**Task description:** Look through the records below for the line with "New 2026 Honda CR-V EX-L image 7". Return that line and each one after it up to and including the line with "Sanag M13S Pro", exactly.

Scraped caption text data:
────────────────────

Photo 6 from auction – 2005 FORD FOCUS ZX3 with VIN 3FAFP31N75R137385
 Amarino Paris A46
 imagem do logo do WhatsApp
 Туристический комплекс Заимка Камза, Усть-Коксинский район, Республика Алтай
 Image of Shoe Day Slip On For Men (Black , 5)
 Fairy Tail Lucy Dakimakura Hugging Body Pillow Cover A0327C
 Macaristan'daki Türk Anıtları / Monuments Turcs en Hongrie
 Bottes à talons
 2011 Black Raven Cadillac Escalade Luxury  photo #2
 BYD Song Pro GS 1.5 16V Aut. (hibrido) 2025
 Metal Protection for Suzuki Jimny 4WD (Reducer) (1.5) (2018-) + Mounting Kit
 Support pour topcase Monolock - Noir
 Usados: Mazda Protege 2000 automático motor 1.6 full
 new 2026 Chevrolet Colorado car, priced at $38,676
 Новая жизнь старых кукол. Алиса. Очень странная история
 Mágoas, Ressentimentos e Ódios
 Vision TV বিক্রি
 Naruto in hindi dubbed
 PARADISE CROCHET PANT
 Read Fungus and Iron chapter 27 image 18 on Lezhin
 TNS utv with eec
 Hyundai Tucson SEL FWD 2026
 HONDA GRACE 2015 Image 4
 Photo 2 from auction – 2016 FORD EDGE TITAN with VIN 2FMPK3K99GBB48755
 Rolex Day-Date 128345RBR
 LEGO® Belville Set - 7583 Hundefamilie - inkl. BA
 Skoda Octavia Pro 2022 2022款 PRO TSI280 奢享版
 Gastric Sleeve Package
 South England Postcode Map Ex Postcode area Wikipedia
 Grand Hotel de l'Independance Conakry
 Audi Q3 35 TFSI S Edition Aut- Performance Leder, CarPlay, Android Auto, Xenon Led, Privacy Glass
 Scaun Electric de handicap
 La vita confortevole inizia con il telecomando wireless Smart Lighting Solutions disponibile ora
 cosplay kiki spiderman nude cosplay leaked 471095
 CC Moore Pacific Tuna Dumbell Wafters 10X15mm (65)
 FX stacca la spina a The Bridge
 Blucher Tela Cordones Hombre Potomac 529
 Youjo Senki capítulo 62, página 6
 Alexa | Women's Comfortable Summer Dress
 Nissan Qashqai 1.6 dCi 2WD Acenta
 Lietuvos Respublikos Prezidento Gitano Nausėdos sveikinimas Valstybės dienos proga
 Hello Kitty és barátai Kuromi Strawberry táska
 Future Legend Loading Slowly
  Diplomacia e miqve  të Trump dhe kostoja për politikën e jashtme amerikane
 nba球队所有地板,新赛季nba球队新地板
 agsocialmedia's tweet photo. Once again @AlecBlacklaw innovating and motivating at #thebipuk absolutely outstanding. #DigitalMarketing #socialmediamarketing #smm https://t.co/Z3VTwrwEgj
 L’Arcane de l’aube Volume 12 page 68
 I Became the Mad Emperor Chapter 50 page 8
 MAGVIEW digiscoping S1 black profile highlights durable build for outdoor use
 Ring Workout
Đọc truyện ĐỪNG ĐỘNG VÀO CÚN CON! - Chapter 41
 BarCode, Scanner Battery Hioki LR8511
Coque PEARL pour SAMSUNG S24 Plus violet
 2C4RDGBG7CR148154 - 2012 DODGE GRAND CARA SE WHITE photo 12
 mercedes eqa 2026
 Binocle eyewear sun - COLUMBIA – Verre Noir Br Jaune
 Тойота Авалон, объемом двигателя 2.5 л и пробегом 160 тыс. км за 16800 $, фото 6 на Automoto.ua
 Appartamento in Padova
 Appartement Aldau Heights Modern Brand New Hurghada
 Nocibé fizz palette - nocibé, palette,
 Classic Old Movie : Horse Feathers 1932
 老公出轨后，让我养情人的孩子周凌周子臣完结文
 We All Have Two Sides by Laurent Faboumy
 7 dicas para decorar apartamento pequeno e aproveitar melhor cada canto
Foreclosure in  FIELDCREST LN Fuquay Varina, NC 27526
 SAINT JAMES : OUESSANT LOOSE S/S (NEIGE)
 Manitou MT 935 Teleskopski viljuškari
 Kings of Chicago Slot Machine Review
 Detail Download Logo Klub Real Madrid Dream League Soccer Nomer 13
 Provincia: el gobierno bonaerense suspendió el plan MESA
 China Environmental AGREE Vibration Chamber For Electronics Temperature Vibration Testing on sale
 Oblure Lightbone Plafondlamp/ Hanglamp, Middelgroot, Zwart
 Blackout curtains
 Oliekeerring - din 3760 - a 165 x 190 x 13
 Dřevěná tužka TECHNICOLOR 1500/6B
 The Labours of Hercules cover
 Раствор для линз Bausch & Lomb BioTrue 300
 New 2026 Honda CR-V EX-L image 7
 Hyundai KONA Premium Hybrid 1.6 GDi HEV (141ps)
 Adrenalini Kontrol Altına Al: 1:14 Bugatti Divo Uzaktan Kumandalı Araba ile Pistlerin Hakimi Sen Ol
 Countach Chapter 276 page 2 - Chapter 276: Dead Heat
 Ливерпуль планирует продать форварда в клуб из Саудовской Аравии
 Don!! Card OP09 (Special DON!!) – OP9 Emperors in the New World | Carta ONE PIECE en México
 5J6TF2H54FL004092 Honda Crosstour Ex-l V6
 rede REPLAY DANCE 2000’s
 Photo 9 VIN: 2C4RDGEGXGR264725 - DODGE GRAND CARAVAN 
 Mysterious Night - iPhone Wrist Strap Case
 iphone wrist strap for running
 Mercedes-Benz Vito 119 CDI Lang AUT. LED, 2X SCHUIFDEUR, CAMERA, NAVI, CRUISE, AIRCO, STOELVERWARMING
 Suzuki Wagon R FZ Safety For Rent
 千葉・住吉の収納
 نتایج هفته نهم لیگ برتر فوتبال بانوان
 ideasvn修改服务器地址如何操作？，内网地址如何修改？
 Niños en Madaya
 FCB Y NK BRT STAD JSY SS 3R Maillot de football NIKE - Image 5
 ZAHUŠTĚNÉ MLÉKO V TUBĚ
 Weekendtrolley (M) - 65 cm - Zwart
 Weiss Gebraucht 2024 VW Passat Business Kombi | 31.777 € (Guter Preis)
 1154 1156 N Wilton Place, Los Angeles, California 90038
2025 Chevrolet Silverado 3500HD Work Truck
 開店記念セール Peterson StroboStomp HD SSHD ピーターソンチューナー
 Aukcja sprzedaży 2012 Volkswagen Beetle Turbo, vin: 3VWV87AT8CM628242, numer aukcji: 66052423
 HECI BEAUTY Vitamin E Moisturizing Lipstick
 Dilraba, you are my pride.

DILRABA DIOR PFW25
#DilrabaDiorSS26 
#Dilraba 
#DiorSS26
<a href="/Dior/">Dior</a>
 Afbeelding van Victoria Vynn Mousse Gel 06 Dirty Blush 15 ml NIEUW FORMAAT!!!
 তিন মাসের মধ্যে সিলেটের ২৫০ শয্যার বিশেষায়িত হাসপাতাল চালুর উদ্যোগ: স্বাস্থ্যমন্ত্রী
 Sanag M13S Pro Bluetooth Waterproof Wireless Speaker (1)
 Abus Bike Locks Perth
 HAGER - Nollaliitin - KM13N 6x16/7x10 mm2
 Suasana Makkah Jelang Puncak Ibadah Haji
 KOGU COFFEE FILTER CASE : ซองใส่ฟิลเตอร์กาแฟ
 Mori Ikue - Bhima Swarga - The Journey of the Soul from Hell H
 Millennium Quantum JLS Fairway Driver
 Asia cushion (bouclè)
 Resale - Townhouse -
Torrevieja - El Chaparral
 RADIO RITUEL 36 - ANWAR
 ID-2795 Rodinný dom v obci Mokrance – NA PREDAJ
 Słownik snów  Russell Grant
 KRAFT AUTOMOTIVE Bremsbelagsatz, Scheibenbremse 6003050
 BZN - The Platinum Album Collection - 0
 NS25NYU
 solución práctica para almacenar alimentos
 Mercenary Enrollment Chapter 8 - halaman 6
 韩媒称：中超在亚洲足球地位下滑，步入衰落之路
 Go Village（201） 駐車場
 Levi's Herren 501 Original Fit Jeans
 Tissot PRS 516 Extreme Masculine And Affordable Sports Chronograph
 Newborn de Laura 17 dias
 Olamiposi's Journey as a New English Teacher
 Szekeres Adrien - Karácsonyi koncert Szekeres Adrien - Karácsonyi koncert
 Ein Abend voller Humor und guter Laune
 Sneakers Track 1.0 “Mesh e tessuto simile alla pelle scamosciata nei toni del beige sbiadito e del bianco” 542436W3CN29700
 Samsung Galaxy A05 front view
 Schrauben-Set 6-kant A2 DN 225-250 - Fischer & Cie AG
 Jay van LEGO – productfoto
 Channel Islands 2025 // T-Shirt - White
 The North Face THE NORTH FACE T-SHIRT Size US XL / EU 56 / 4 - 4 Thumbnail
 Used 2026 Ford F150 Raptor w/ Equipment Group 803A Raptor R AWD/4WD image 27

────────────────────

**Solution to this problem:**
 New 2026 Honda CR-V EX-L image 7
 Hyundai KONA Premium Hybrid 1.6 GDi HEV (141ps)
 Adrenalini Kontrol Altına Al: 1:14 Bugatti Divo Uzaktan Kumandalı Araba ile Pistlerin Hakimi Sen Ol
 Countach Chapter 276 page 2 - Chapter 276: Dead Heat
 Ливерпуль планирует продать форварда в клуб из Саудовской Аравии
 Don!! Card OP09 (Special DON!!) – OP9 Emperors in the New World | Carta ONE PIECE en México
 5J6TF2H54FL004092 Honda Crosstour Ex-l V6
 rede REPLAY DANCE 2000’s
 Photo 9 VIN: 2C4RDGEGXGR264725 - DODGE GRAND CARAVAN 
 Mysterious Night - iPhone Wrist Strap Case
 iphone wrist strap for running
 Mercedes-Benz Vito 119 CDI Lang AUT. LED, 2X SCHUIFDEUR, CAMERA, NAVI, CRUISE, AIRCO, STOELVERWARMING
 Suzuki Wagon R FZ Safety For Rent
 千葉・住吉の収納
 نتایج هفته نهم لیگ برتر فوتبال بانوان
 ideasvn修改服务器地址如何操作？，内网地址如何修改？
 Niños en Madaya
 FCB Y NK BRT STAD JSY SS 3R Maillot de football NIKE - Image 5
 ZAHUŠTĚNÉ MLÉKO V TUBĚ
 Weekendtrolley (M) - 65 cm - Zwart
 Weiss Gebraucht 2024 VW Passat Business Kombi | 31.777 € (Guter Preis)
 1154 1156 N Wilton Place, Los Angeles, California 90038
2025 Chevrolet Silverado 3500HD Work Truck
 開店記念セール Peterson StroboStomp HD SSHD ピーターソンチューナー
 Aukcja sprzedaży 2012 Volkswagen Beetle Turbo, vin: 3VWV87AT8CM628242, numer aukcji: 66052423
 HECI BEAUTY Vitamin E Moisturizing Lipstick
 Dilraba, you are my pride.

DILRABA DIOR PFW25
#DilrabaDiorSS26 
#Dilraba 
#DiorSS26
<a href="/Dior/">Dior</a>
 Afbeelding van Victoria Vynn Mousse Gel 06 Dirty Blush 15 ml NIEUW FORMAAT!!!
 তিন মাসের মধ্যে সিলেটের ২৫০ শয্যার বিশেষায়িত হাসপাতাল চালুর উদ্যোগ: স্বাস্থ্যমন্ত্রী
 Sanag M13S Pro Bluetooth Waterproof Wireless Speaker (1)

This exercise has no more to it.